To compute the actual partition, the algorithm builds a tree, with one node for each original number. Each differencing operation adds an edge between nodes, to signify that the corresponding numbers must go in different subsets. The resulting graph forms a spanning tree of the original nodes, which is then two-colored to determine the actual subsets, with al the numbers of one color going in one subset. Since all the numbers must eventually be combined, and n ñ 1 edges be created, one for each differencing operation. We can then color the nodes of the tree with two colors, so that no two adjacent nodes receive the same color, to get the final partition itself. To two-color a tree, color one node arbitrarily, and then color any node adjacent to a colored node the opposite color.
The running time of this algorithm is O(nlogn) to sort the n numbers, O(nlogn) for the differencing, since each difference must be inserted into the sorted order, sing a heap for example, and finally O(n) to two-color the graph, for an overall time complexity of O(n log n).
The Karmarkar-Karp algorithm finds much better solutions on average than the three heuristics. As the number of values increases, the final difference found by the KK heuristic becomes orders of magnitude smaller than for the three other heuristics. There were many instances where the KK heuristic found a perfect partition.
The difference between the quality of the KK algorithm and the others is due to the fact that, the difference of the final partition is on order of the size of the last number to be assigned. For the other heuristics (i.e. repeated random, hill climbing, simulated annealing), this is the size of the smallest original number. This explains the small improvement with increasing problem size, since the more values we start with, the smaller the smallest of them is likely to be. For n numbers uniformly distributed between zero and one, the repeated random heuristic produces a final difference of O(1/n).
For the KK algorithm the differencing operations dramatically reduce the size of the remaining numbers. The more numbers we begin with, the more differencing operations, and therefore, the smaller the size of the last number.
I increased the number of iterations (loop count) in my code from a range of 2,500 – 300,000. Clearly, as the number of loop iterations increases, the residue for each heuristic to approaches 0. However, the KK heuristic approaches 0 more rapidly than the other three.

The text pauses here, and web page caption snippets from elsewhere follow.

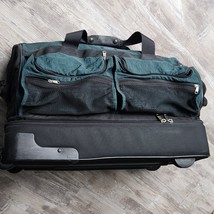 LL Bean Green Wheeled Rolling Duffel Luggage Travel Multi Pocket Compart... - £59.00 GBP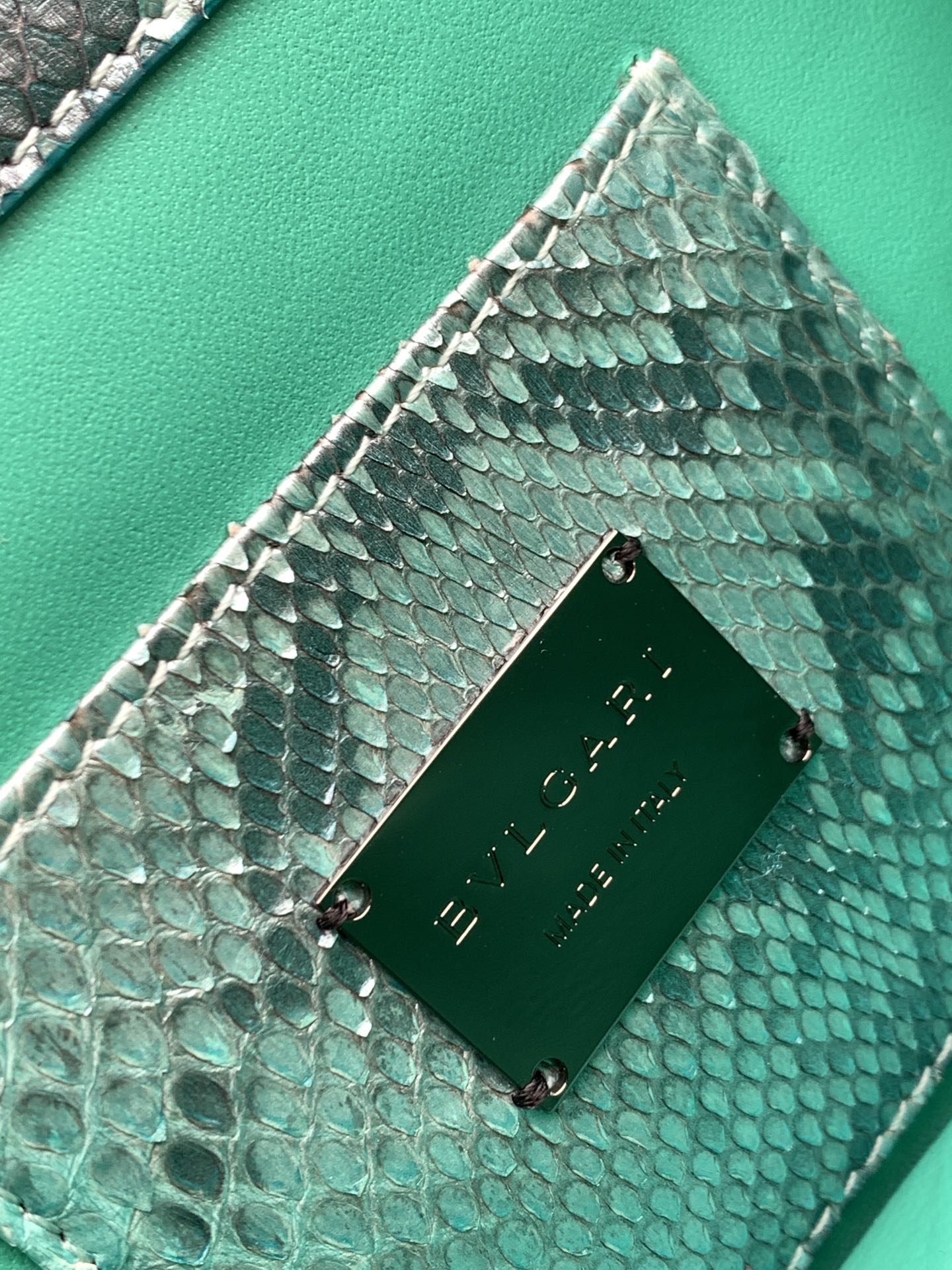 BVLGARI宝格丽SERPENTI FOREVER”蟒蛇皮肩背包291077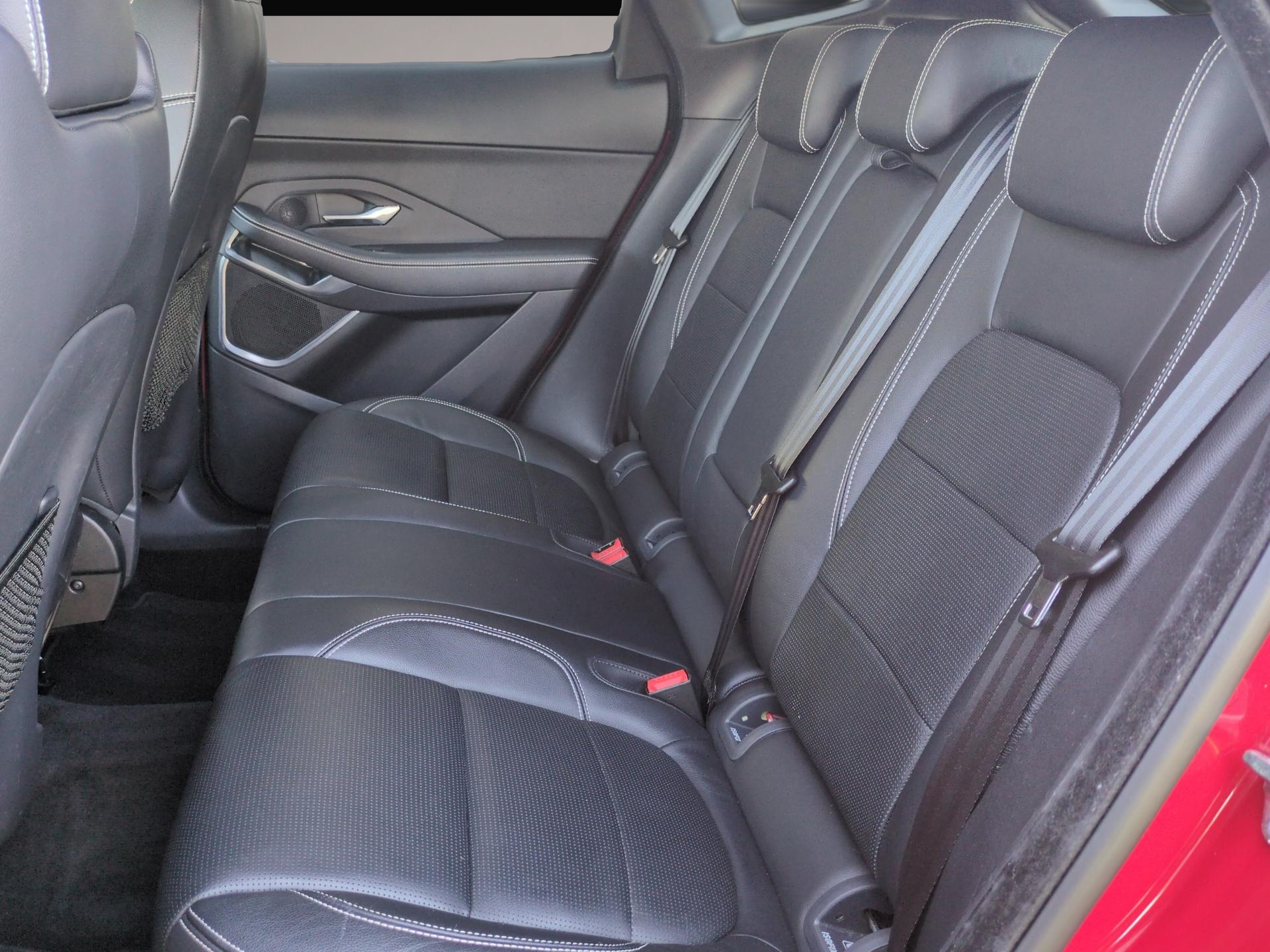Bild 7 Jaguar E-Pace P250 AWD R-Dynamic SE AHK Black-P. Kamera
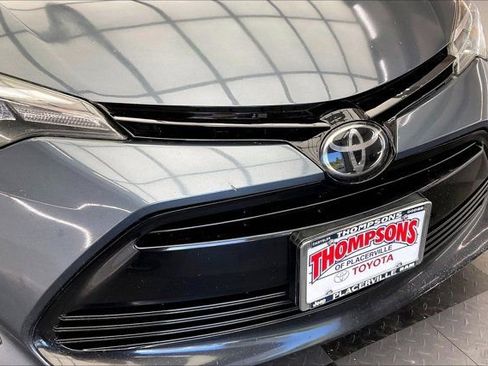 Used 2017 Toyota Corolla L w/ Carpet Mat Package (TMS) image 31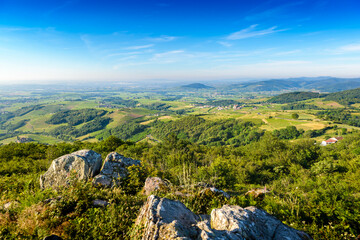 Le Mont Brouilly et le Beaujolais, France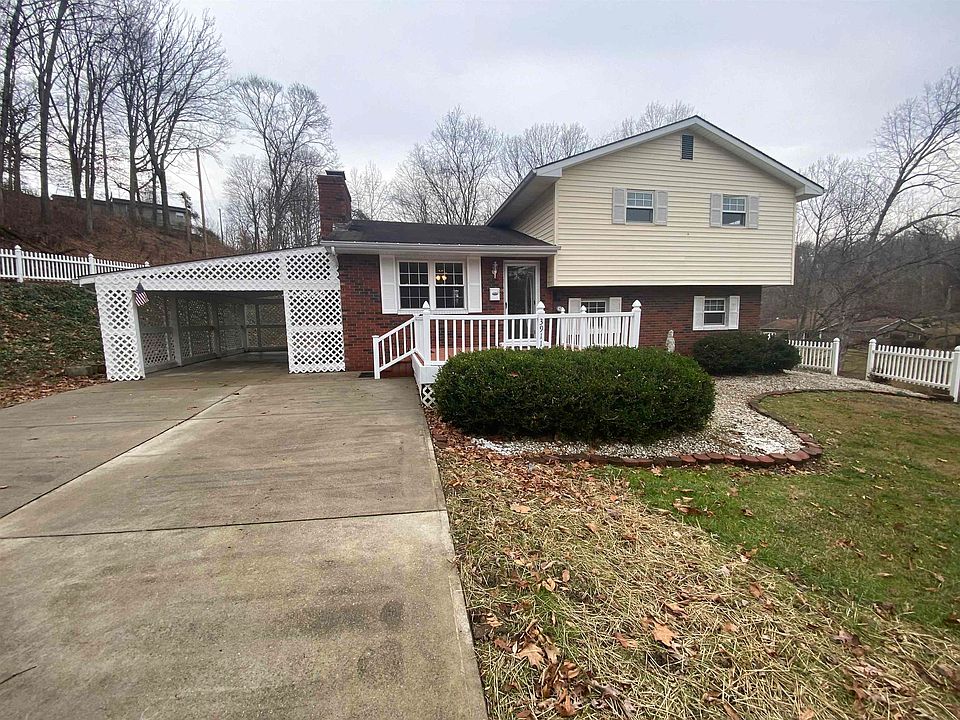 1st image of 3911 Comfort Ln
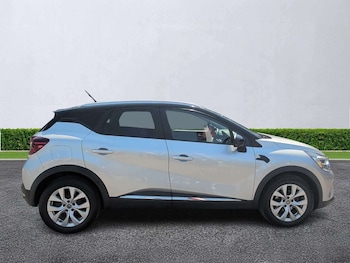 Used Renault Captur 2020 for sale - 79205786: Photo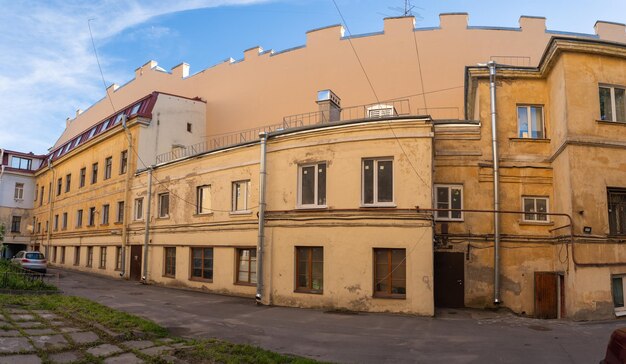 Houses in the city of St Petersburg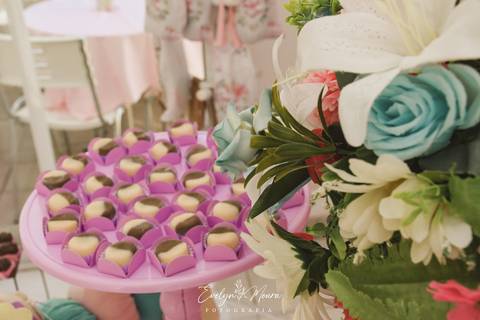 Festa Infantil - Evelyn Moura Fotografia - Fotografia em Niterói, Rio de Janeiro - casa de festa - decoração - decoração de festa - festa colorida- docinhos - bolo - criança - festa linda - floresta encantad  - casa de festa - festa em niterói '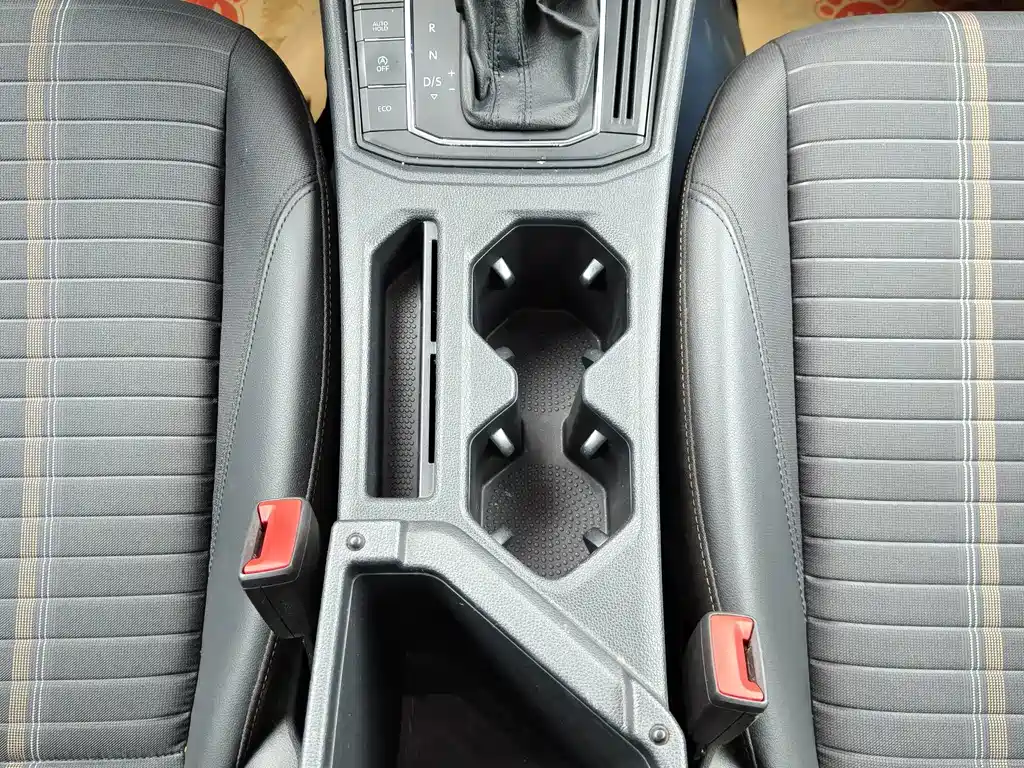 Volkswagen Lavida — миниатюра 13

The hill climbing heuristic never returned a residue of zero.
The Karmarkar-Karp heuristic, at each cycle, commits to placing the two largest numbers in different subsets, by replacing them with their difference. The other option is to place them in the same subset, replacing them by their sum. The resulting algorithm searches a binary tree depth-first from left to right, where each node replaces the two largest remaining numbers. The left branch replaces them by their difference, while the right branch replaces them by their sum. The difference is inserted in sorted order in the remaining list, while their sum is simply added to the head of the list, since it will be the largest element. So the first solution found is indeed the KK solution, and as it continues to run it finds better solutions, until an optimal solution is found and verified.
The list could be maintained by a simple array, with a linear scan for insertion of the differences. While this might seem to take O(log n) time for each insertion, it amounts to only a constant factor, since most of the nodes in thee tree are near the bottom, where the lists are very short.